The emergence of blood borne infections such as HIV and Hepatitis C in the 1970s and 80s has had a profound effect on the way that blood donation and transfusion services operate around the world. In the UK, in the early 1980s, it was discovered that a number of people in the UK had developed AIDS following blood transfusions.
This problem particularly affected hemophiliacs, whose condition made them dependent on blood products. By the end of 1983, people who were thought to be most susceptible to AIDS, such as gay and bisexual men, were asked to stop donating blood . By 1985, and the discovery that HIV was the cause of AIDS, the UK blood service began routine testing of all blood donations. All blood products were also then heat treated to destroy any possible undetected virus.

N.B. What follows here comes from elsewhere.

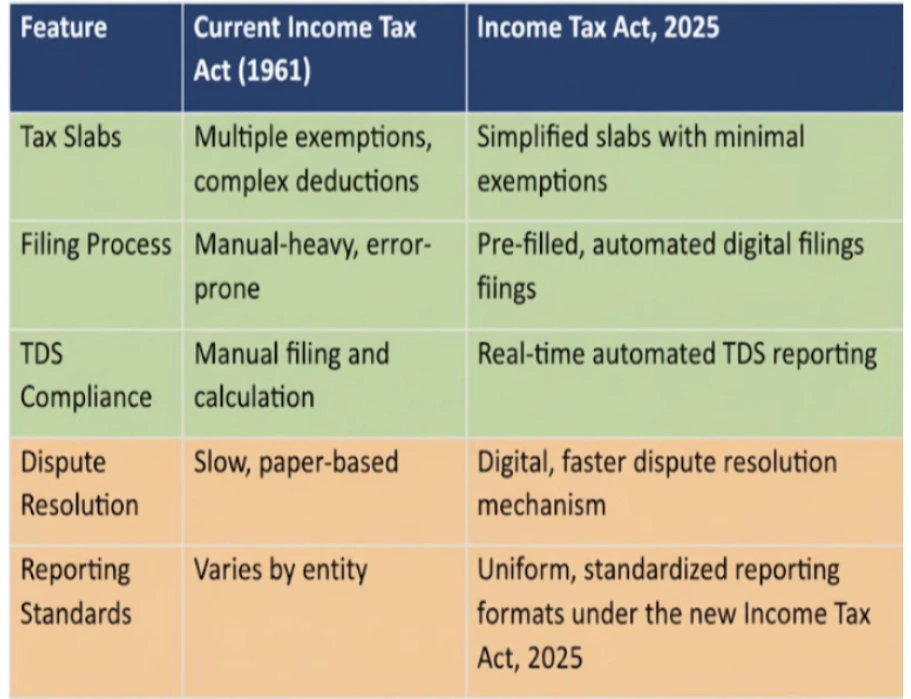 Income Tax Act: Current Regime Vs New law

A lifetime ban on men who have sex with men (MSM) donating blood was then put into effect. Exclusions also applied to anyone who has ever been paid for sex and anyone who has ever injected drugs. In recent years there have been calls for a review of this ban as discriminatory against gay men who wished to donate blood but did not consider themselves to be at risk of HIV. Demands for a change to the ban have argued that it is an equality issue.
The National Blood Service has always responded that it is a safety issue first and that the exclusion is about specific higher risk sexual behaviour (such as oral or anal sex between men) rather than sexuality. They have argued that there is no exclusion of gay men who have never had sex with a man, or of women who have sex with women.